Kauffman, a vigorous antiwar activist ambiguously on the rightward side of American politics, jumps right into the thick of it in the opening scenes of his screenplay for Copperhead, the new Civil War movie by the director of Gettysburg (1993). Kauffman’s protagonist, an antiwar farmer in upstate New York, is heard reading aloud to his sons in the spring of 1862: “Benjamin Wade, a Republican of Ohio, says anyone who quotes the Constitution in the current crisis is a traitor. But listen how a Democrat paper in Ohio gave it right back to him: ‘Such an abolitionist should be hung until the flesh rots off his bones and the winds of Heaven whistle Yankee Doodle through his loathsome skeleton.'”
The language is fair warning of what’s to come. Copperhead, which opens June 28, is the rare movie (maybe even the only one) that portrays a Peace Democrat as a sympathetic character even though he refused to choose between two of the vilest institutions of human invention, war and slavery.

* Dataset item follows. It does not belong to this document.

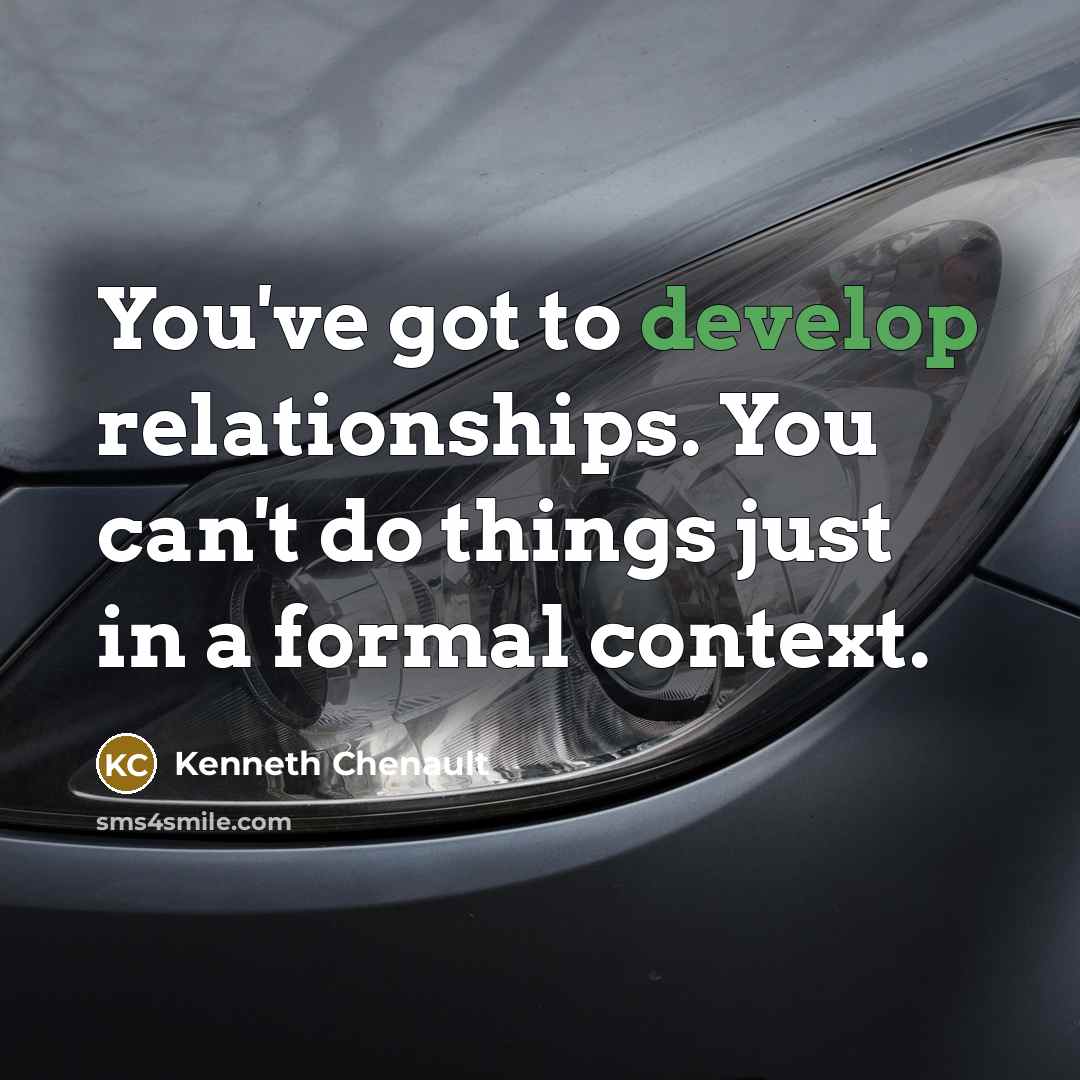 “You've got to develop relationships. You can't do things just in a formal context.” quote by Kenneth Chenault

I particularly like Buhle and Wagner’s description of how the film’s cinematography conveys its ethos:
The tone is that of an older BBC production, with lingering shots of farm life and an emphasis on the work—milk production, a sawmill operation, draft animals bobbing down dirt roads. There are crane shots of fields, barns, and trees uplifted by violins and flutes as they climb the updrafts of pastoral memories, all to insist that it is the community, more than any individual, that is the center of the picture. The politics of the narrative reveal how the life of a particular time and place has come under attack by alien ideologies—Yankee-style state capitalism, Southern slavocracy, and sympathizers of John Brown.